How to get the content from web browser using python?

raghava.nitk picture raghava.nitk · Jun 19, 2014 · Viewed 7.9k times · Source

I have a webpage : http://kff.org/womens-health-policy/state-indicator/ultrasound-requirements/# and I need to extract the table from this webpage.

Problem Encountered : I have been using BeautifulSoup and requests to get the url content. The problem with these methods is that I am able to get the web content even before the table is being generated.

So I get empty table < table> < thead> < /thead> < tbody> < /tbody> < /table>

My approach : Now I am trying to open the url in the browser using webbrowser.open_new_tab(url) and then get the content from the browser directly . This will give the server to update the table and then i will be able to get the content from the page.

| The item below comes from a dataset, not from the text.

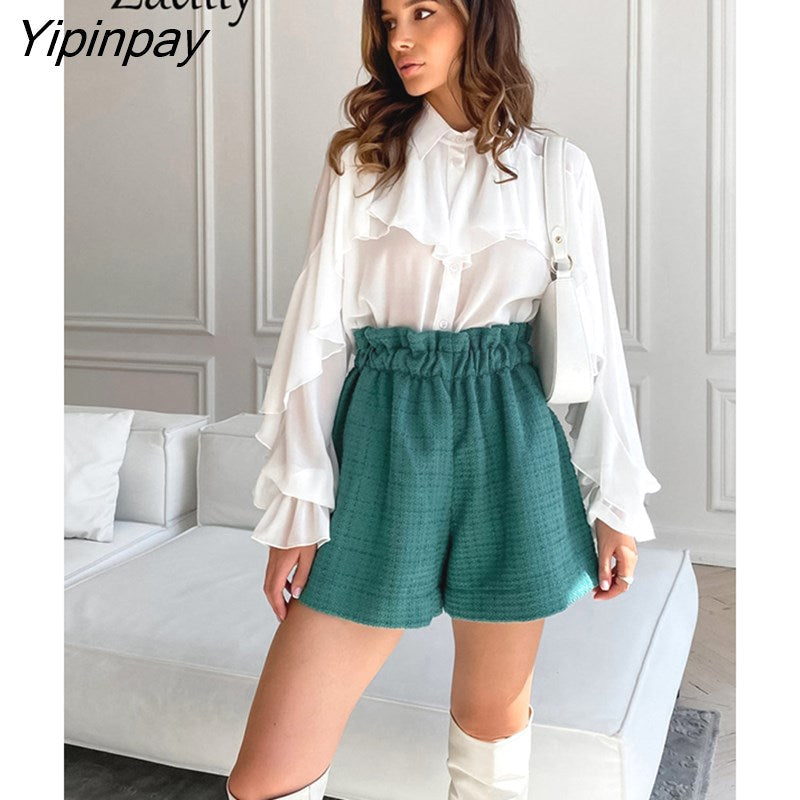 Yipinpay 2023 Spring New Elegant Long Sleeve Women White Shirt Office Lady Button Up Loose Ruffles Woman Blouse Work Clothing Top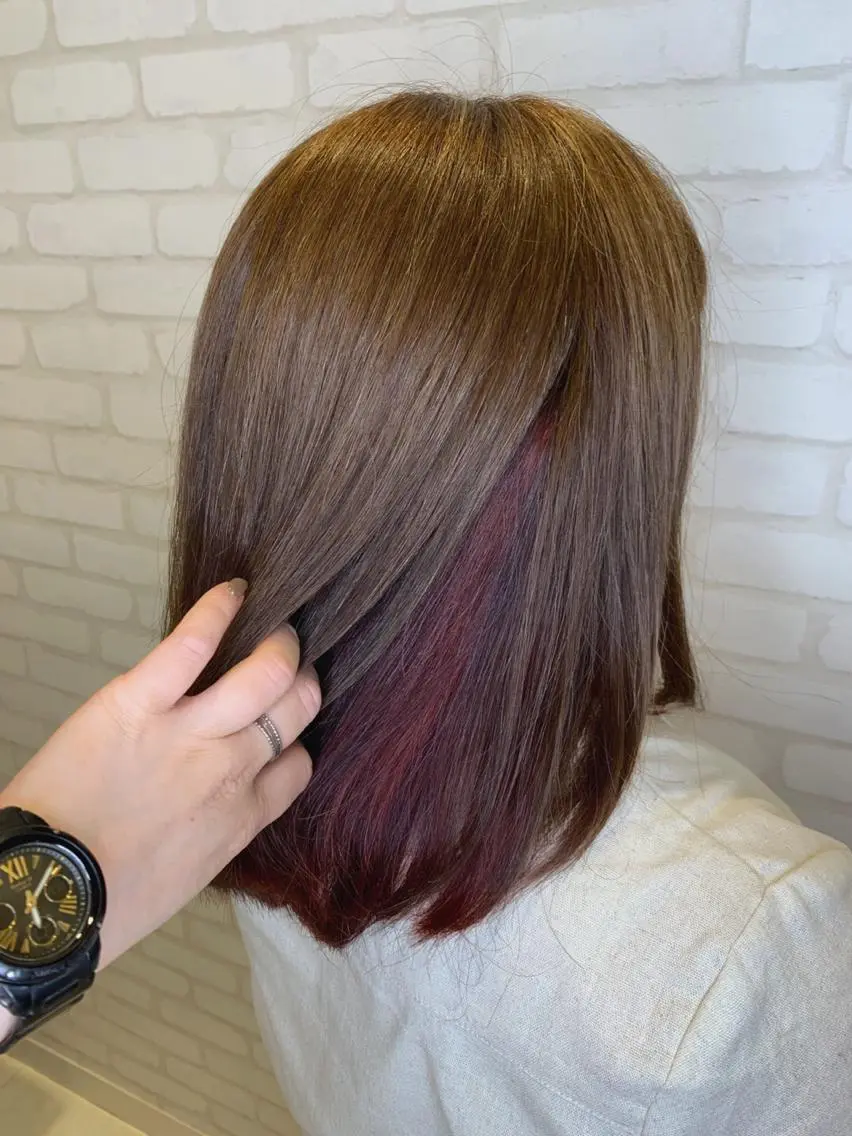 セミロング カラー インナーカラー 【髪質改善】 夏目結以のヘアスタイル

Problem : I am not sure how to fetch information from Web browser directly .

Right now i am using Mozilla on windows system.

Closest link found website Link . But it gives which sites are opened and not the content

Is there any other way to let the table load in urllib2 or beautifulsoup and requests ? or is there any way to get the loaded content directly from the webpage.

Thanks

Answer

Santiclause picture Santiclause · Jun 19, 2014

The reason the table isn't being filled is because Python doesn't process the page it receives with urllib2 - so there's no DOM, no Javascript that runs, et cetera.

After reading through the source, it looks like the information you're looking for can be found at http://kff.org/datacenter.json?post_id=32781 in JSON format.